LAST FEBRUARY, I TOOK A TUMBLE WHILE SKIING AND TORE A MUSCLE IN MY LEFT CALF. It wasn’t anything major, but it put me on crutches for a few days. In an instant, I’d gone from being a stereotypically able-bodied individual to someone who needed help not only to get around but also to perform essential tasks.

Suddenly everyday movements I’d taken for granted were significant challenges. A trip from the couch to get a glass of water: an ordeal. Getting in and out of my old-fashioned clawfoot tub: another ordeal. Both my office and my apartment are on the top floors of walk-up buildings. Luckily, my job is flexible and allows me to telework, so I didn’t need to negotiate a commute. Friends and family helped out with meals, as standing to cook was out of the question.
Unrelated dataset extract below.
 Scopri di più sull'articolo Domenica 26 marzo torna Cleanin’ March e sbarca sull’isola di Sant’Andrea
Overall, I was very fortunate: my minor injury healed quickly and didn’t permanently disrupt my life. What it did disrupt was my way of thinking—in a few short days, my eyes were opened to the accessibility and exclusion challenges faced by millions around the globe on a daily basis. With each frustration I encountered, new questions arose: What if I had a job that required me to be onsite? What if I didn’t live near friends and family who were able to bring me food? How would I navigate trips to the grocery store, especially without an elevator in my building? What if I had small children to care for?


During my days on crutches, I experienced what Seattle-based designer, author, and educator Kat Holmes calls a “mismatch” with my environment. In her new book, Mismatch: How Inclusion Shapes Design (MIT Press, 2018), she explores inclusive design, explaining basic concepts that bring into sharp focus the need for accessibility both for people with disabilities and for society as a whole. In short, inclusive design is a methodology in which one designs with people, not for them, Holmes explains. It requires including a diverse set of individuals—of many races, genders, abilities, and socioeconomic backgrounds—in the design process from start to finish to ensure that the widest possible range of people can use, or easily adapt, the end product.
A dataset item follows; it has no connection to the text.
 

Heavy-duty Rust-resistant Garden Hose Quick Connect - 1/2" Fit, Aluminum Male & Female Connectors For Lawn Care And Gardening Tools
A mismatch happens when the features of an environment, product, or service don’t fit a person’s abilities or preferences. Think of it like this: The people, objects, places, and tech we encounter each day generally help us to access and participate in the world. Mismatches occur when these access points become barriers to our interaction with the world and even exclude us from it. We can all name obvious physical mismatches—e.g., absence of the curb cuts that enable wheelchair users to cross streets; TV shows that lack closed captioning—but we tend to overlook thousands of other, less tangible mismatches, such as public announcements delivered only in a single language, or cupboards and counters built to a standard based on “average” height. Yet according to Holmes, rather than allowing mismatches to overwhelm us, we in the design community can reframe them as opportunities.

“It isn’t about creating one perfect solution that works for every human at all times and in all circumstances,” she says. “It’s about who we include in the process of arriving at a solution, learning something we didn’t know, and letting that insight reshape how we design the solution.”

I’ll admit that before my ski-slope fall, I’d had no idea what inclusive design was. I’d heard the term, and I vaguely knew it had something to do with accessibility (the two are related but different; more on that later). It turns out that my myopia on the subject is common, even in the design field. “Small numbers of people have been working on wider recognition of inclusive design over the past few decades,” says Holmes, “but as far as its becoming a common practice or a part of a design education curriculum, we’re still in the beginning stages.”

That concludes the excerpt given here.